China to cut domestic corn prices to spur demand, cut imports
Date:02-01-2016
China, the world’s second-largest corn consumer, will cut domestic prices to spur demand from downstream industry and reduce cheaper imports, a senior government official said.
China had a crop stockpiling policy to protect its rural population from fluctuating prices and prop up incomes. However, corn reserves are now at record highs, officially at about 100 million tonnes but as much as 170 million by some private analysts’ calculations.
Demand for cheaper overseas supplies has spiked because the stockpiling elevated domestic prices. Increases in corn imports have been modest, but imports of corn substitutes such as distillers grain and sorghum have soared, hitting record highs of more than 35 million tonnes last year.

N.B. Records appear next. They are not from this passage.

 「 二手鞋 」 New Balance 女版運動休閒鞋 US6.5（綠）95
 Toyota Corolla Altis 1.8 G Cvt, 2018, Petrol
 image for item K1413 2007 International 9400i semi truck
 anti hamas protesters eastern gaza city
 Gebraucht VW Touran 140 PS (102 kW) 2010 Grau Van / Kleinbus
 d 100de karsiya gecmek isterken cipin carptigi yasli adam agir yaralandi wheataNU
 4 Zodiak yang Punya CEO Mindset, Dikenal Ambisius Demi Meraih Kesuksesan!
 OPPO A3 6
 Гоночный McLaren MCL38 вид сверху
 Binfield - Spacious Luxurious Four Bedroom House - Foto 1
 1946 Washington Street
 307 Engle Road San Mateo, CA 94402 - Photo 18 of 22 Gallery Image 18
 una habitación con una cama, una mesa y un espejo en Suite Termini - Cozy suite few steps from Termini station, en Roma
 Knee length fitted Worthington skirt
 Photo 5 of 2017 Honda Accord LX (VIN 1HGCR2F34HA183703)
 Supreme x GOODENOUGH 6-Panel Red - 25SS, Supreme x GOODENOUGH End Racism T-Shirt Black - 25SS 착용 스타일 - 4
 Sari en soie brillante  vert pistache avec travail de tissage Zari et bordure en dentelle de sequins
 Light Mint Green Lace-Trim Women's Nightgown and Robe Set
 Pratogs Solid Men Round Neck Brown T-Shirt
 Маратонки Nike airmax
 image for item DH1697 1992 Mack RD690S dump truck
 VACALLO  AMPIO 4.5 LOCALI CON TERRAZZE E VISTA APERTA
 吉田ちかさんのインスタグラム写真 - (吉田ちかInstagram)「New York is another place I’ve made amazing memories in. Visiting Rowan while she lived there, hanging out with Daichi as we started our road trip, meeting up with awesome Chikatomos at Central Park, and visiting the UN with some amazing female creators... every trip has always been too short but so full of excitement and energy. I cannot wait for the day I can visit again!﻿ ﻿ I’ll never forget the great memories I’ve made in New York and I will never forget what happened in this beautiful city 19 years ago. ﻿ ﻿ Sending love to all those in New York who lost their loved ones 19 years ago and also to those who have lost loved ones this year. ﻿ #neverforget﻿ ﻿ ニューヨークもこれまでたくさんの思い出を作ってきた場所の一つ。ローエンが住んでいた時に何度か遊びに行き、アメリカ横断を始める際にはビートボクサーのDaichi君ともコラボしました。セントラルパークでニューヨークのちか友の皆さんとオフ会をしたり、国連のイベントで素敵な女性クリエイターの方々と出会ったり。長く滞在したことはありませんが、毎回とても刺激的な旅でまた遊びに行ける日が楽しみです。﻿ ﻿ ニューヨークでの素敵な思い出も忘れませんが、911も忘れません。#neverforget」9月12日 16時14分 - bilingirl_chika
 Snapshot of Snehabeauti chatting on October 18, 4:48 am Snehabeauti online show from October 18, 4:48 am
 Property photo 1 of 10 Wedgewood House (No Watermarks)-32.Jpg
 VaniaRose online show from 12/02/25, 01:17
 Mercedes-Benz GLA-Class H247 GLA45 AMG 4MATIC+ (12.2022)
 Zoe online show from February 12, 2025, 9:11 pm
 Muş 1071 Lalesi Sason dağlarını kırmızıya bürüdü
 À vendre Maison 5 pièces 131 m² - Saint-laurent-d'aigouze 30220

“If corn prices were set rationally on basis of supply and demand, China wouldn’t need to import at all,” said Chen Xiwen, deputy director with the Communist Party’s Central Rural Working Leading Group, the country’s top rural policy maker.
“Domestic corn prices are not competitive, and the price needs to be set by the market to reduce imports of corn and corn substitutes,” he said.
He said the import price of $342 per tonne was accepted by downstream corn processors and should be considered a “rational” level for domestic corn.
The import price is 20 percent lower than the state support price for the current marketing year ending September and is lower than the $385 price proposed earlier by China’s top planning agency.
January 2017 corn futures on the Dalian Exchange fell 1.95 percent on Thursday to $329 per tonne.
However, some traders oppose the cuts, saying they would erode farmers’ incomes and cause losses for the government, which paid more than $427 per tonne for the reserves.
“A big price cut will not help consumption. The industry is still not willing to build inventories as they know that the government has massive stocks,” said Feng Jilong, a senior corn trader with a state-owned firm.
Chen said Beijing is looking how to subsidize farmers without artificially raising prices, and is also studying whether to abandon the price support system and let the market decide.
China is running out of space for the corn stockpiles and some of the aging crop is deteriorating. However, reducing the stocks would take time because a rapid sell-off would have too big an impact on the market, said Han Jun, Chen’s deputy.
The government plans to reduce the domestic corn acreage next year and encourage farmers to grow other crops, such as soybeans, of which the country is the world’s top buyer.